----- INPUT FOR THIS TASK -----

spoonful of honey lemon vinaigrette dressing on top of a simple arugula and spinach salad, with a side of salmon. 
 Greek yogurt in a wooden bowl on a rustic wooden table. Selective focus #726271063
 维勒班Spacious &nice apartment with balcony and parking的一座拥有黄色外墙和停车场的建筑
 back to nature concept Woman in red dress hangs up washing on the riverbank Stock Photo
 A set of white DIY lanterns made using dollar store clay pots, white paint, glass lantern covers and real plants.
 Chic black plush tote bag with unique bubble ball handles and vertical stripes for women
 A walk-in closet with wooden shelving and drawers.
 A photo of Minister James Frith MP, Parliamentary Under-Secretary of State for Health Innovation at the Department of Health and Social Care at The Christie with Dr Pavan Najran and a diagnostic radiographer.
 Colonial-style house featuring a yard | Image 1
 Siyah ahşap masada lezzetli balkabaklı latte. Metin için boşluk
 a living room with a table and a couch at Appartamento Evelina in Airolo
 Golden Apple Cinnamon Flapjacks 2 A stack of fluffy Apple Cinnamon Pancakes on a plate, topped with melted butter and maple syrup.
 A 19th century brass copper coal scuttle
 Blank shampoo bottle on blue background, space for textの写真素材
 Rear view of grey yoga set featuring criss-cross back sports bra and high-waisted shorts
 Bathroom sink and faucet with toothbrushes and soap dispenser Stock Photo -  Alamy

-----

* **WORK TO BE COMPLETED**
Set down exactly the lines from the one that contains "Rear view of" to the final line above, both included, and nothing more.

* **SOLUTION**
 Rear view of grey yoga set featuring criss-cross back sports bra and high-waisted shorts
 Bathroom sink and faucet with toothbrushes and soap dispenser Stock Photo -  Alamy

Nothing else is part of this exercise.